The lifespan of the framework

The UK10K management framework was designed not only to provide a mechanism for dealing with CSFs discovered during the UK10K project, but it is hoped it will also provide a possible precedent that might be used in other projects. It provides for an effective flow of communication between researchers involved in the same research project but with different expertise based in different institutions. Information, that is relevant to both researchers and participants, is relayed from one researcher to another traversing the different stages, creating a cohesive framework, which ultimately allows for validated and clinically significant information to be returned, when appropriate and in a responsible way, to the participant in a clinical setting.

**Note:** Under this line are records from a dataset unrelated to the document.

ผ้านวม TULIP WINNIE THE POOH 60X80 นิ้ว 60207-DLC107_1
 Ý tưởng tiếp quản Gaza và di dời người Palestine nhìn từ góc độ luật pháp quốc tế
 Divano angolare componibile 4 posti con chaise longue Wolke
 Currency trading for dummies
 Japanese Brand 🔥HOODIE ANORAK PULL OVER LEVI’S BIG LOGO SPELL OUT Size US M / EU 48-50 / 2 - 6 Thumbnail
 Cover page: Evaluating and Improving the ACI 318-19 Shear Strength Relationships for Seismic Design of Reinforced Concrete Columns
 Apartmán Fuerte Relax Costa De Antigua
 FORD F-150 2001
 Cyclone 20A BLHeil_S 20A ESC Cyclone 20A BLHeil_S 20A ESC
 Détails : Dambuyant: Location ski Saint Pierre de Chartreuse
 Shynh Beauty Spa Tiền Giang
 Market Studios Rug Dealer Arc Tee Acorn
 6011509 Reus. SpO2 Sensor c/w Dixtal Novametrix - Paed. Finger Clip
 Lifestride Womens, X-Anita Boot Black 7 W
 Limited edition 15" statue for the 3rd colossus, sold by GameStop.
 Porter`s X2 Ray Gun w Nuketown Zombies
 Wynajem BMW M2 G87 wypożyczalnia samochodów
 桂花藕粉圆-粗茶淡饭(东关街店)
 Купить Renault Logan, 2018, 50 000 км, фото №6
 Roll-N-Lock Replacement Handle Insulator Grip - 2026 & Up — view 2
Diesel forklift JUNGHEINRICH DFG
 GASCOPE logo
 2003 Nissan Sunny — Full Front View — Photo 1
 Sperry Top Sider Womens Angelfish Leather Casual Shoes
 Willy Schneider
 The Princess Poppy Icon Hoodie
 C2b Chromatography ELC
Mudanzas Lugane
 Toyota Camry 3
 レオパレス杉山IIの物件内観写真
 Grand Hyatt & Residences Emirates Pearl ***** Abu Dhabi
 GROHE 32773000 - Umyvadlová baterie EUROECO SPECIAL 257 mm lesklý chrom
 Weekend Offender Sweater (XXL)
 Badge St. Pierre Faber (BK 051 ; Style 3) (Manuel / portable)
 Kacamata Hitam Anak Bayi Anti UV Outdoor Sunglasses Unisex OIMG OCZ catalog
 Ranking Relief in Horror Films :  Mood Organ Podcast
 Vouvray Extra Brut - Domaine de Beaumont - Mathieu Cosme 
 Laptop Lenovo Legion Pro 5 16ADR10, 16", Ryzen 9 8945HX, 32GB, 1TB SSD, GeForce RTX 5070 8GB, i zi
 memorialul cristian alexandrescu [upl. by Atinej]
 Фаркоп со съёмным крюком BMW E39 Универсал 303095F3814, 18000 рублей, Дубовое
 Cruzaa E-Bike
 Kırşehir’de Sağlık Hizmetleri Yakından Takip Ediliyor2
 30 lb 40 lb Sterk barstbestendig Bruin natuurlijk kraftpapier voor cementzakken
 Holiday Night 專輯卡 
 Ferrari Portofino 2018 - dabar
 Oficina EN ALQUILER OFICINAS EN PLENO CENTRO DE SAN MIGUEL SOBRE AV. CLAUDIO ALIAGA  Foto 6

However, these stages of validation and assessment will not be possible to sustain once the UK10K project itself comes to an end. It is therefore intended that once the UK10K project is complete, the management framework will also come to an end. By this time, data will have been stored in the EGA and will remain accessible to researchers involved in other projects. Should these secondary researchers make any CSFs after the UK10K project has ended, it will no longer be possible for these to be passed on the UK10K Management Committee, as this will no longer exist. However, it might be possible for an appropriately constituted Data Access Committee to take on this role beyond the life-time of UK10K. Developing a governance mechanism for the management framework to be in place in the longer term needs further consideration by policy makers and funders, particularly as many sample collections will be continued to be studied after the UK10K project is completed.


The UK10K framework addresses the principal ethical concerns when feeding back CSFs under specific conditions. Sample Custodians are obliged to pass on CSFs to the treating clinicians, who in turn are responsible for passing on CSFs to their patients where they meet the relevant criteria. It also ensures that those with no clinical role are not responsible for passing on any CSF they may find. It does, however, ensure that the procedure is there, should a CSF be identified. Assuming all of the criteria for feedback are met, the finding will pass through the management framework and the participant will be informed where appropriate. This may result in them receiving treatment, which may otherwise not have been prescribed.

However, it must be borne in mind that this approach does not address the important issue of IFs in population-based collections (where the issues of truly informed consent, and the provision of counselling remain poorly addressed as well as sequence data being of variable predictive capacity) and of course is a model likely to evolve and may need to be amended in response to changing circumstances. In the meantime, this framework brings us one step closer to bridging the gap between research and clinical care. The model has been tested with regards to PFs, where patients were informed before the first papers describing novel causal genes for rare diseases were published. The UK10K model establishes an important precedent for the feedback of CSFs in genetic and genomic research. It provides the foundation for a reflexive and responsive framework that will be able to address further logistical, ethical and legal issues as and when they come to light.